= Barbara Robertson =

American actress and singer

Barbara Robertson is an American actress and singer. She plays the role of "Jan the Unnamed" for the American Theatre Company's Pre-Broadway Chicago production of "Yeast Nation". Recently she played the role of Mame at the Drury Lane Theatre.

She played Madame Morrible in the Chicago production of Wicked. She first played the role from May 8, 2007, through June 25, 2008, and again to close out the production from November 18, 2008, until the final performance on January 25, 2009. She also played a limited engagement with the touring production of the show on its stop in Chicago, which ran from December 1, 2010, through January 23, 2011.

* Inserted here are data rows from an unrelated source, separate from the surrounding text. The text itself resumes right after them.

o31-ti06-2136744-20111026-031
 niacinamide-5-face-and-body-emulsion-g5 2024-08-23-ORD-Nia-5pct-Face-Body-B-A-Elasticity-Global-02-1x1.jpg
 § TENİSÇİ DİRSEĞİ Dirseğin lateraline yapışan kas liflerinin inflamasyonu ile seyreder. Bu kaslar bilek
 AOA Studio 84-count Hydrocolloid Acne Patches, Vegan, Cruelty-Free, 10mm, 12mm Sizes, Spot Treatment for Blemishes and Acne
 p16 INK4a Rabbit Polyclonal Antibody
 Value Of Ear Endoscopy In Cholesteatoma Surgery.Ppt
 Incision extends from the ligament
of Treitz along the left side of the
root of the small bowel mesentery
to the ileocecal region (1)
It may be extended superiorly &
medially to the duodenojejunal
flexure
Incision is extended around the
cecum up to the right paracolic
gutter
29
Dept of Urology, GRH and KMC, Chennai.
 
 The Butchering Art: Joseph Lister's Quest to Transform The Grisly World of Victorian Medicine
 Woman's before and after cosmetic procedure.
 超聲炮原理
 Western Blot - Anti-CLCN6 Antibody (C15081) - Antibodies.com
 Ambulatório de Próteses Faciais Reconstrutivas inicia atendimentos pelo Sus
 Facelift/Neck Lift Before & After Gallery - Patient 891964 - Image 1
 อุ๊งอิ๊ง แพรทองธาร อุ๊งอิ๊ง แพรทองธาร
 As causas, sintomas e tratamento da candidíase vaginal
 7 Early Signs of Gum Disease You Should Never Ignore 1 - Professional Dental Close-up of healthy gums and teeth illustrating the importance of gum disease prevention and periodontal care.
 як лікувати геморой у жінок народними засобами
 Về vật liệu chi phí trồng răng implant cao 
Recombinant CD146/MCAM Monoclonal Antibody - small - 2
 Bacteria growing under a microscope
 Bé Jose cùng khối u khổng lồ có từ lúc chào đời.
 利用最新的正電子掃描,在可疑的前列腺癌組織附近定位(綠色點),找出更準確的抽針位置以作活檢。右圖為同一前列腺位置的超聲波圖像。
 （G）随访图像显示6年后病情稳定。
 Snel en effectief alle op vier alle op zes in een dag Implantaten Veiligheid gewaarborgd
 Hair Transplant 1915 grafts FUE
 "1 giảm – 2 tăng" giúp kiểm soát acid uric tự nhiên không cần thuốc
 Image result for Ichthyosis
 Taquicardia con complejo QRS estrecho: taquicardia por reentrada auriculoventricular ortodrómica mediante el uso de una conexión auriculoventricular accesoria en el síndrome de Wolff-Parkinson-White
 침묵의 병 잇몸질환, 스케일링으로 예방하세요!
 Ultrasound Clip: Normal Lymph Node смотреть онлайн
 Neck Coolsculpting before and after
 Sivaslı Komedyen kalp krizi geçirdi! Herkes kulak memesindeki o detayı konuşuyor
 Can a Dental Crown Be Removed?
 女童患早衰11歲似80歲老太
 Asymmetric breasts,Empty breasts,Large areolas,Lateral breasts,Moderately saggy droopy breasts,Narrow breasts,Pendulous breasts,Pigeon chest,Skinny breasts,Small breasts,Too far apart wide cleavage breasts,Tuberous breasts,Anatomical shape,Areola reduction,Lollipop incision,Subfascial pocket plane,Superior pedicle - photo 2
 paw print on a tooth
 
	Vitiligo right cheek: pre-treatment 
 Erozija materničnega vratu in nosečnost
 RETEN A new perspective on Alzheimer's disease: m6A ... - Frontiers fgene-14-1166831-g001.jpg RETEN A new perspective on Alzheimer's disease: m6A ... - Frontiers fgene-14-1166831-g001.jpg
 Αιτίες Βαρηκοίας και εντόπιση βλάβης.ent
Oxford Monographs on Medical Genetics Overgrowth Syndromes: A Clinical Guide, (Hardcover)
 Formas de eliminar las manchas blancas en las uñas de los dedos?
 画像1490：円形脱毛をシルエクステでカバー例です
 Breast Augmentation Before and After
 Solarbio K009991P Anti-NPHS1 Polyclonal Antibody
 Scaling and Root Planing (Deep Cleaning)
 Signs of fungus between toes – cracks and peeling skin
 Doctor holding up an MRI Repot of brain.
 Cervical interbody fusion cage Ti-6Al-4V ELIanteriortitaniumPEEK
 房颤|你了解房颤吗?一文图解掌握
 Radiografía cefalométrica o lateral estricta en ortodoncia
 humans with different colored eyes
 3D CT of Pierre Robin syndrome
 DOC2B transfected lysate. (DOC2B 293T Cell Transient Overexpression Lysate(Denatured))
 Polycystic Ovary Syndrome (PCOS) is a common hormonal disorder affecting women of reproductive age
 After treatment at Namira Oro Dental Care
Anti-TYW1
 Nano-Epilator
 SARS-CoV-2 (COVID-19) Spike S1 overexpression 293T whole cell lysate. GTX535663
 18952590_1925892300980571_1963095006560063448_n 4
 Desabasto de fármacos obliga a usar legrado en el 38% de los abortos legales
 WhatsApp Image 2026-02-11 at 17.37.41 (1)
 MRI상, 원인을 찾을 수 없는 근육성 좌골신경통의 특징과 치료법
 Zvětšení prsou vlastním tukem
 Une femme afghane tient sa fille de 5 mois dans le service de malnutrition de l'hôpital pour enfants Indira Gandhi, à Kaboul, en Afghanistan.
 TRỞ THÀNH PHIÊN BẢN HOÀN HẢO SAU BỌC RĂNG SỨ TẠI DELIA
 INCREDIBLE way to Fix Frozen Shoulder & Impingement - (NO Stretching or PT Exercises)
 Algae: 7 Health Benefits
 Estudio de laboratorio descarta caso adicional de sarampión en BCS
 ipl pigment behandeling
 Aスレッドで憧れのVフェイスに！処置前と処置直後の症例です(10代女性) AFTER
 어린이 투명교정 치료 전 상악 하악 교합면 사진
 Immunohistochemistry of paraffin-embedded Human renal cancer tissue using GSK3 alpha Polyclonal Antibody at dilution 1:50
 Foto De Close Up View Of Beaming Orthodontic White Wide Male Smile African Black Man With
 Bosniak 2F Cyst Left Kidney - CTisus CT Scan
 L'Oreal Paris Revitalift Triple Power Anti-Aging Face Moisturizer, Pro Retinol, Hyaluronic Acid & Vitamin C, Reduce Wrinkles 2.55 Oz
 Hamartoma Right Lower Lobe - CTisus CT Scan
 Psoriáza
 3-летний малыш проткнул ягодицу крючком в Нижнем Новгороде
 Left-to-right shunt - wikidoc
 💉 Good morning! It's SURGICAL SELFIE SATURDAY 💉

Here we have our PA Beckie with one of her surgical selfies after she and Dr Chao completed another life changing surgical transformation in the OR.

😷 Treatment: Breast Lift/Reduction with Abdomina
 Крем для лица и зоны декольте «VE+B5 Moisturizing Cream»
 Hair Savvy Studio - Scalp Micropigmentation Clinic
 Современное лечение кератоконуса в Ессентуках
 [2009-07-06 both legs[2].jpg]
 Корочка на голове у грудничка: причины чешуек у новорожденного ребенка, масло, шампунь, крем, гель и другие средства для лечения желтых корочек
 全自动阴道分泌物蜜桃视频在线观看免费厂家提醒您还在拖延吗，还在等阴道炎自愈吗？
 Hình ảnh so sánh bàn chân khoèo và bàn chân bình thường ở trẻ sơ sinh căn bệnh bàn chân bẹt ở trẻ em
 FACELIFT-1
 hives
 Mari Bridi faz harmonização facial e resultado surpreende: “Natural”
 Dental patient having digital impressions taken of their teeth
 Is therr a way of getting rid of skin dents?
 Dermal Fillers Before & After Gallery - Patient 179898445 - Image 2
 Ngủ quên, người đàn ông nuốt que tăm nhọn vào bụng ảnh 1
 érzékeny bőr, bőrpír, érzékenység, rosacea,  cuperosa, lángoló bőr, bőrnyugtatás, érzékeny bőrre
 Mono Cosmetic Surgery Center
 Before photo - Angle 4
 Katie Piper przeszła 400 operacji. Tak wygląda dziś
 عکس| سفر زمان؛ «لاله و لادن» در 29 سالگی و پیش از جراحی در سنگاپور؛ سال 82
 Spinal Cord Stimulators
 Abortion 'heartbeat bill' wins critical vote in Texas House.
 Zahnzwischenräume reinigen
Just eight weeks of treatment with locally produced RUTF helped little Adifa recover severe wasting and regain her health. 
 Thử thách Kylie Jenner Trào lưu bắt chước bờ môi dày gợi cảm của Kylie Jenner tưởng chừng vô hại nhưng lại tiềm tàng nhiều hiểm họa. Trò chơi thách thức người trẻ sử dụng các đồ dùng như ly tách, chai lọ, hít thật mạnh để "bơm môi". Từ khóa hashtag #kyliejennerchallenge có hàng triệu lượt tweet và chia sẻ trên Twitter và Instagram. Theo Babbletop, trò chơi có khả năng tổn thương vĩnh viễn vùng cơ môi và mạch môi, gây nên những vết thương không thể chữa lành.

She has also performed in Angels of America: Part I & II, Hamlet, A Little Night Music, Who's Afraid of Virginia Woolf?, Mary Stuart, La Bete, Grand Hotel, The Goat, or Who Is Sylvia?, Garden, Pal Joey, Black Snow, Kabuki Medea, and Emma's Child. She has also appeared in many film and TV productions, including The Company, The Straight Story, Will of Their Own, Disney's Mother's Courage, Paramount's The Untouchables, and Early Edition.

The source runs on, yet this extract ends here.